[Image-caption web data]
= Beginning of Section =
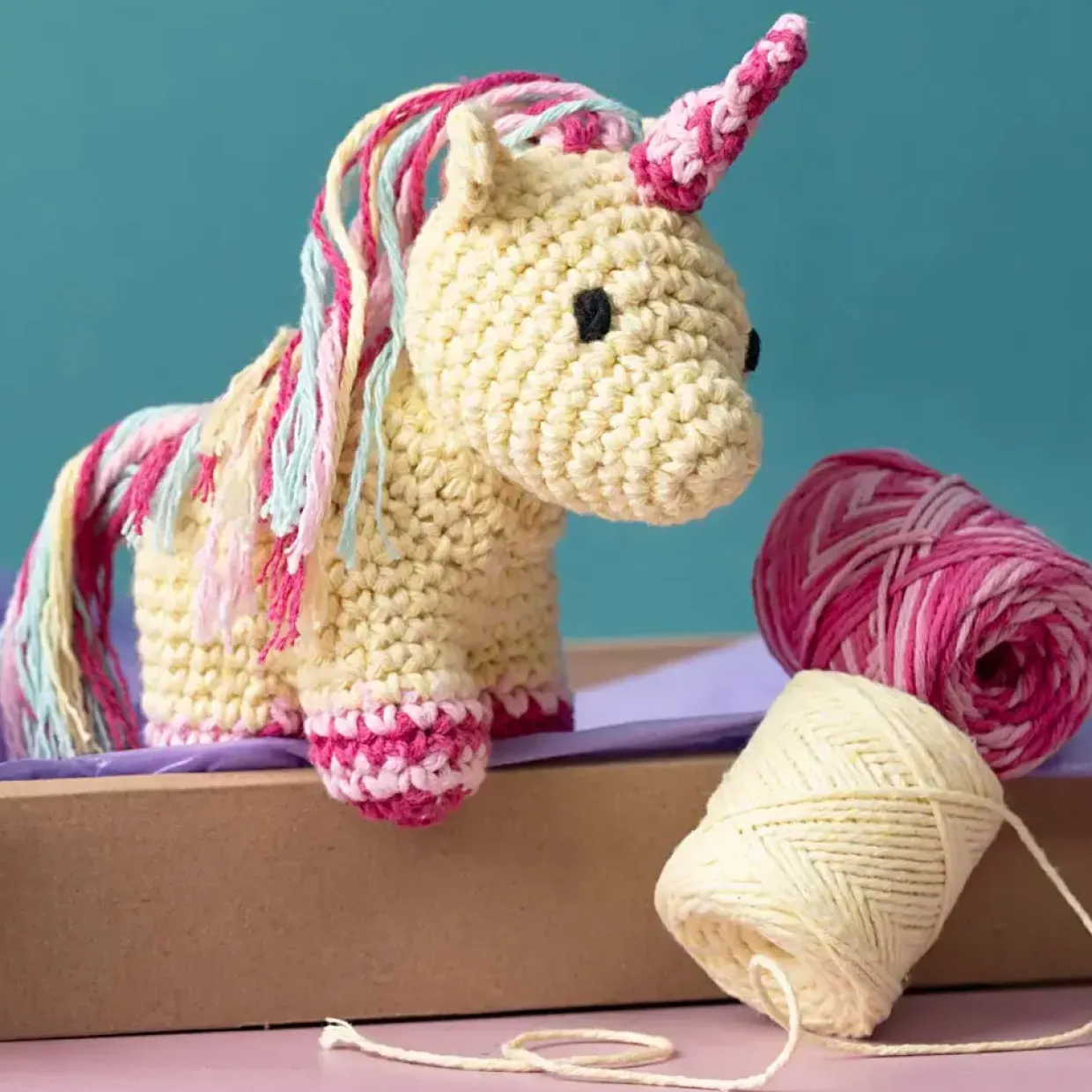 DIY Kit Amigurumi, Enhjørning, regnbuefarver, 1 pk.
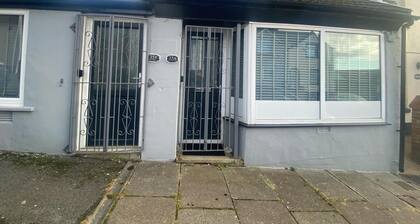 3 Bed Apartment - Sleeps 6 - Free Parking, Wifi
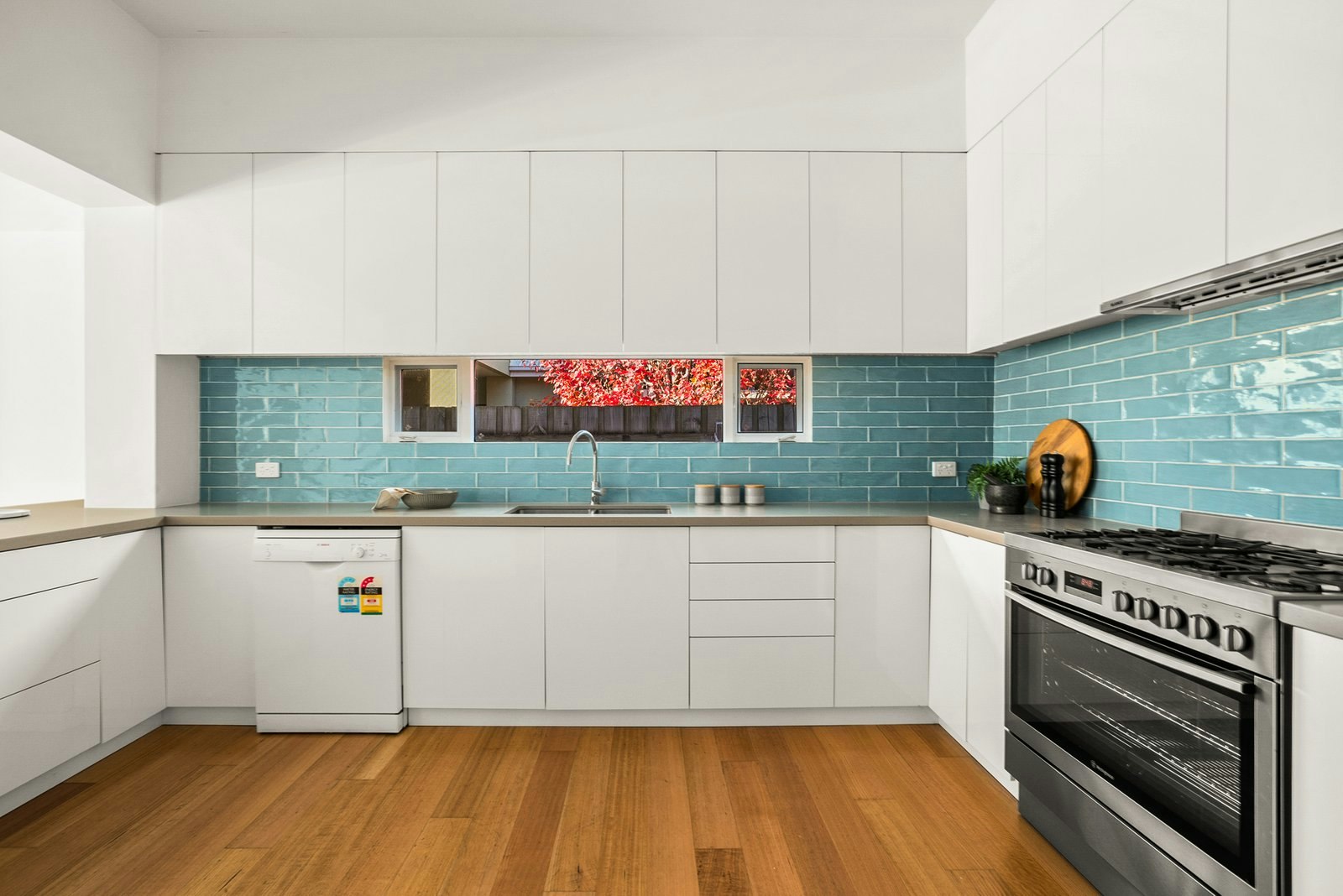 33 Latrobe Street, Cheltenham, 3192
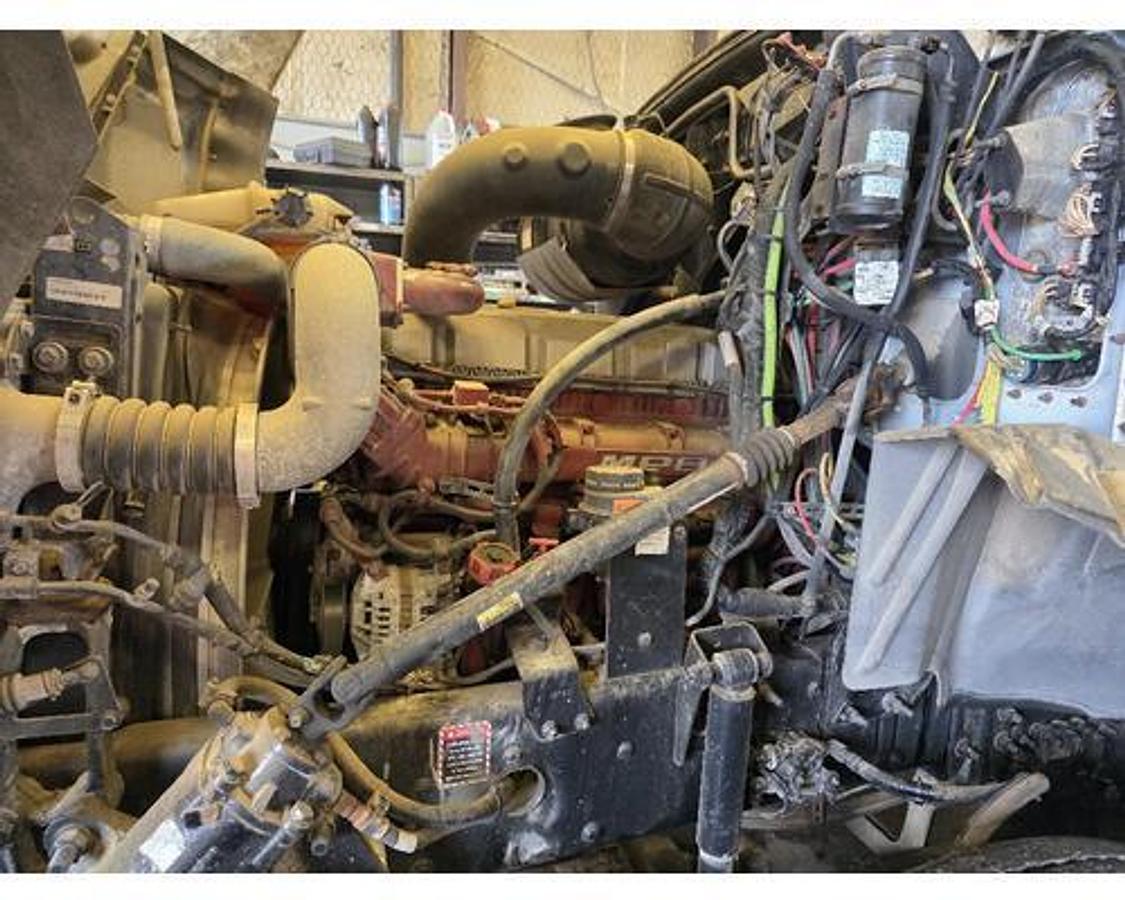 Used 2015 Mack CXN613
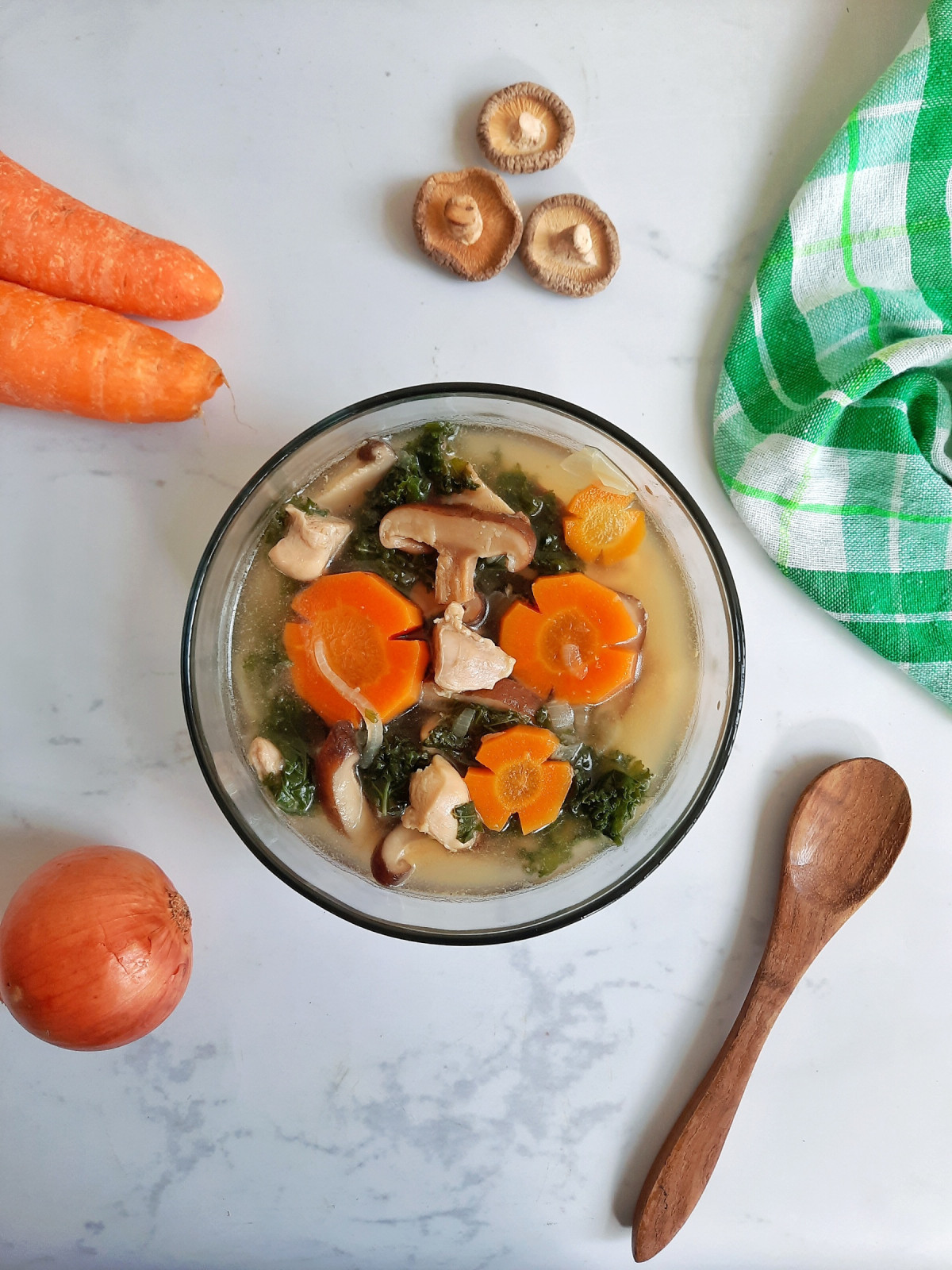 Immunity bowl terasaji dengan potongan wortel, jamur, sayuran hijau dan kuah kaldu
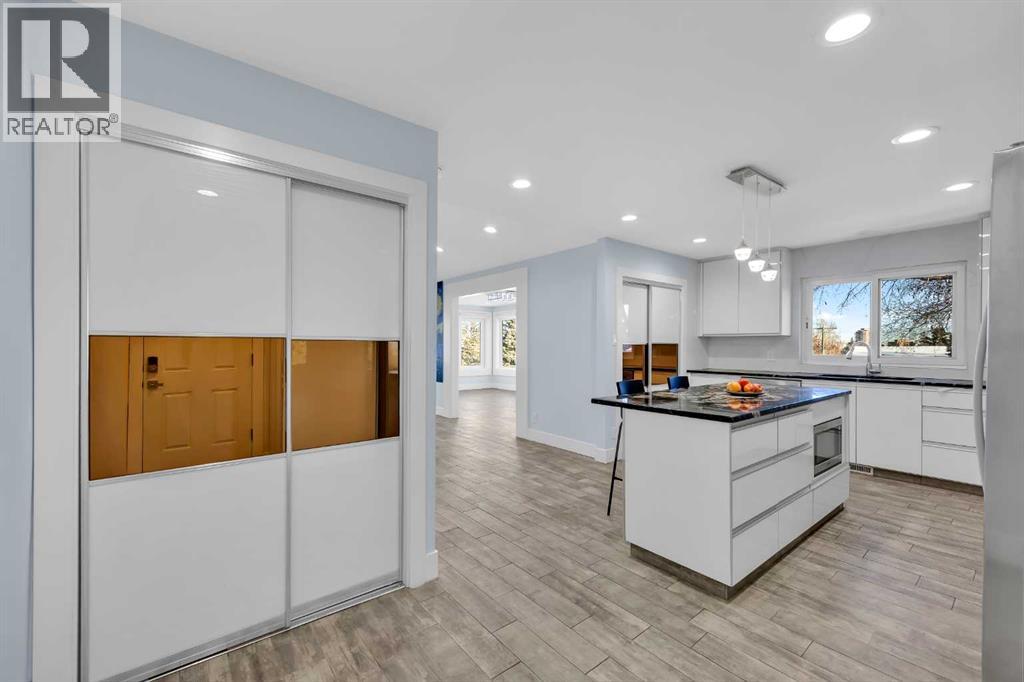 Single Family House 4 Level for Sale in  Selkirk Drive SW Southwood Calgary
= End of Section =
▶ _What you should do_:
What is the exact wording of the lines from the one bearing "33 Latrobe Street, Cheltenham, 3192" through the final line of the records above? Write it out without the pictures.

▶ _Response to the exercise_:
 33 Latrobe Street, Cheltenham, 3192
 Used 2015 Mack CXN613
 Immunity bowl terasaji dengan potongan wortel, jamur, sayuran hijau dan kuah kaldu
 Single Family House 4 Level for Sale in  Selkirk Drive SW Southwood Calgary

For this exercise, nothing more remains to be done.